Your assignment: The answer should hold only the lines from the one containing "Large Double Room - Photo 22" through the one containing "Opel Crossland X" in the entries below, copied exactly, without pictures.

Supplied material:
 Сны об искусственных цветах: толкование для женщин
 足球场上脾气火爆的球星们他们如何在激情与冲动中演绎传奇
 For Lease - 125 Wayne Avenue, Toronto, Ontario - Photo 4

* * *

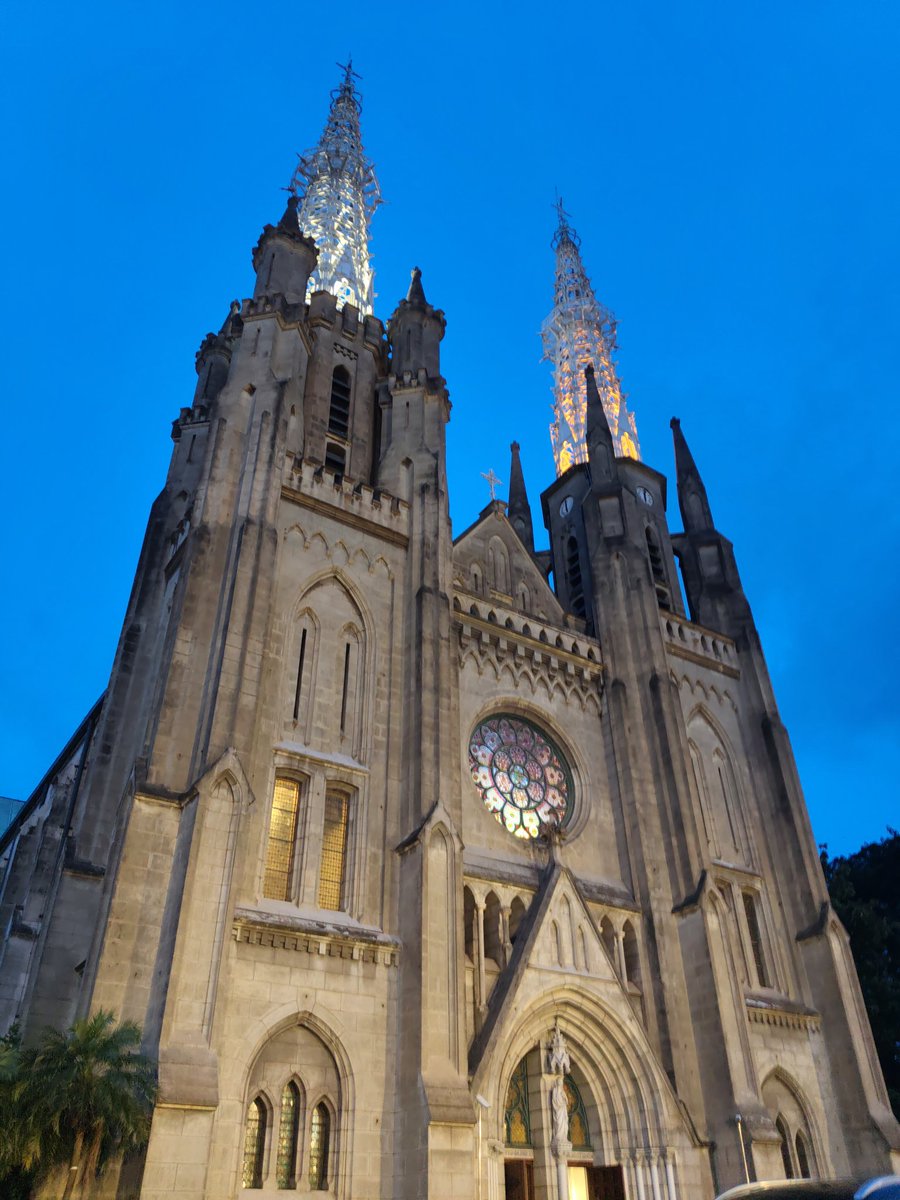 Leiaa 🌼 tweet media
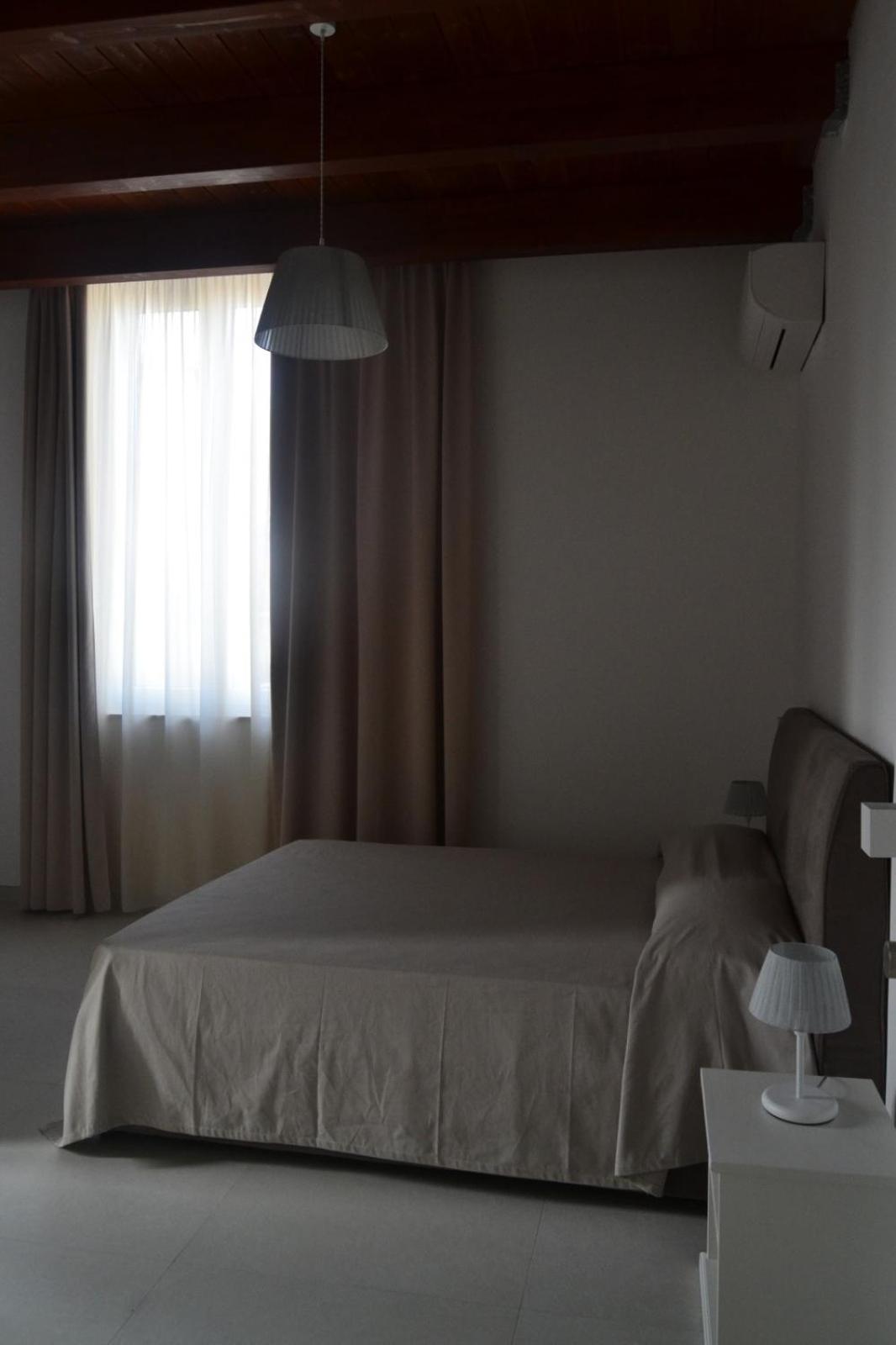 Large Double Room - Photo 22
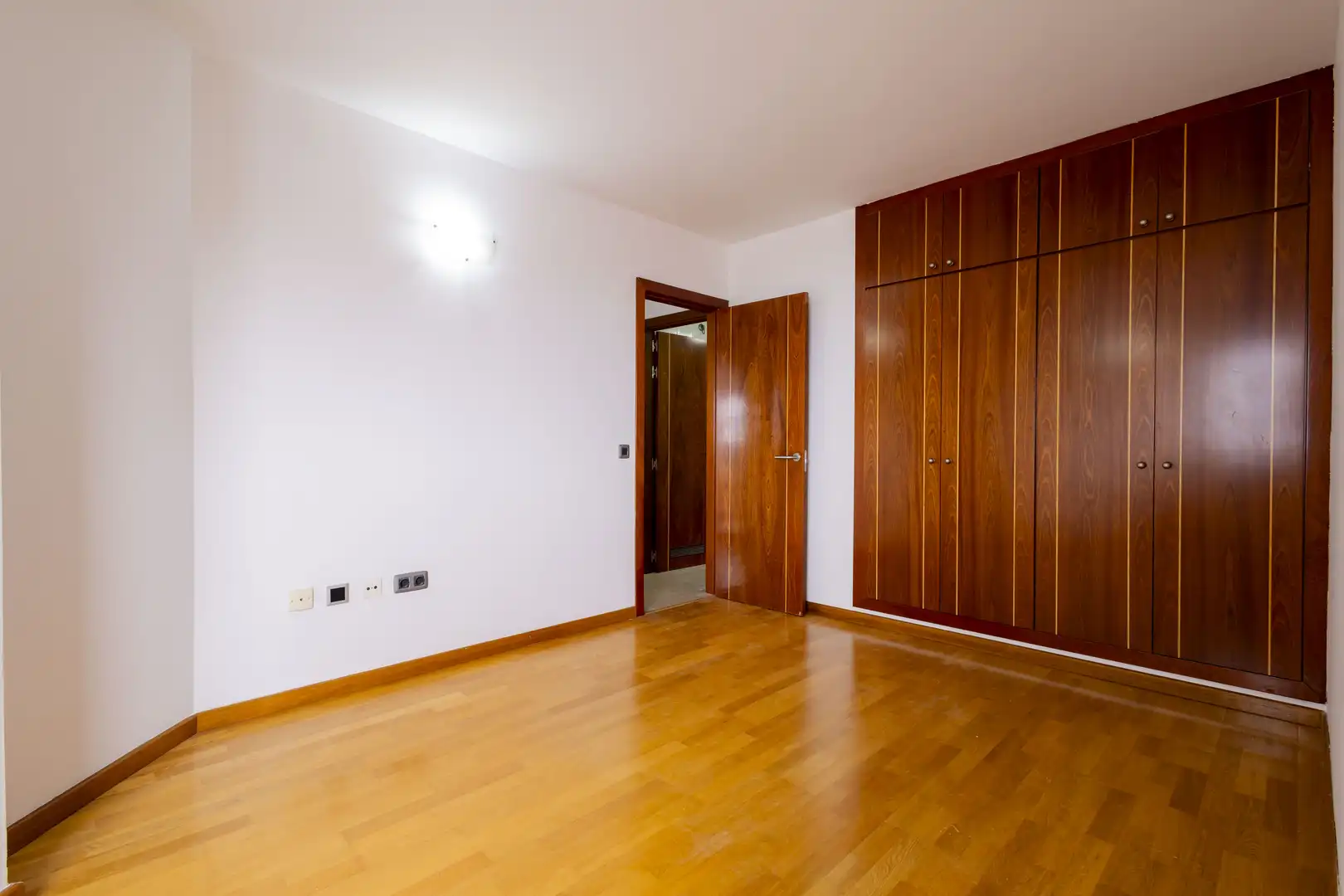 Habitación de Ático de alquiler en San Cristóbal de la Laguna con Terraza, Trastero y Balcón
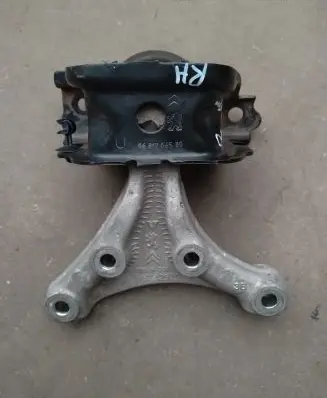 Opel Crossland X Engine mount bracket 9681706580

Output for this task:
 Large Double Room - Photo 22
 Habitación de Ático de alquiler en San Cristóbal de la Laguna con Terraza, Trastero y Balcón
 Opel Crossland X Engine mount bracket 9681706580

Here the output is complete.